Guided by Flora, the first major project of the new Conservation Commission was the development of a 2½-mile nature trail in the northwest section of New Bedford, in the Turners Pond and Plainville Road area near the Municipal Airport. Beginning in 1925, in order to increase open space, the city began to acquire land in this area. Part of the trail system in this mostly wooded preserve was blazed in the late 1960s, and the area was named the Flora B. Peirce Nature Trail on September 27, 1973 in honor of her conservation work for the city. In the mid-1970s, more trails were blazed, and wooden bridges and walkways were added.
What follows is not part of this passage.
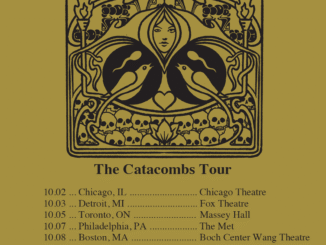 QUEENS OF THE STONE AGE ANNOUNCE THE CATACOMBS TOUR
In 1999, Southeastern Environmental Education Alliance, The Coalition for Buzzards Bay, and Greater New Bedford Regional Vocational Technical High School collaborated to maintain the trail system through a project that included replacement of wooden boardwalks with recycled plastic lumber, cutting back trails for easy passage, and creation of a trail guide with accompanying numbered posts for self-education and navigation.

The Flora B. Peirce Nature Trail is located between two swamps, the Acushnet Cedar Swamp to the north and the Apponagansett Swamp to the south. It includes a scenic pond, a certified vernal pool, forested red maple-dominated wetlands, and drier white pine-dominated uplands, all offering protective habitats for diverse species. Frogs, turtles, salamanders, and dragonflies thrive in the large pond. The trail’s vernal pool is a temporary wetland where frogs, salamanders, and insects lay their eggs. Wildlife such as deer, turkeys, coyotes, and songbirds find a place to flourish in forests and meadows. Just minutes from the busy city, the trail provides a sanctuary for exploring and learning.

Flora was involved in numerous other initiatives. While on the Conservation Commission, she protested when Clasky Common Park was proposed as a site for a new skating rink and worked to preserve the park and its greenery. She also worked on beautification of Buttonwood Park, education programs, and the preservation of many small open spaces in New Bedford. Flora was also a member of the College Club of New Bedford, the Old Dartmouth Historical Society, the Friends of SMTI (later SMU and UMass Dartmouth), the Pembroke College Club, and the Council of Women’s Organizations. The Standard-Times honored her three times in their monthly “Hats Off” column.

A lifelong New Bedford resident, Flora lived at 52 Morgan Street for decades and later at Melville Towers. She passed away at St. Luke’s Hospital on January 2, 1990, at 91.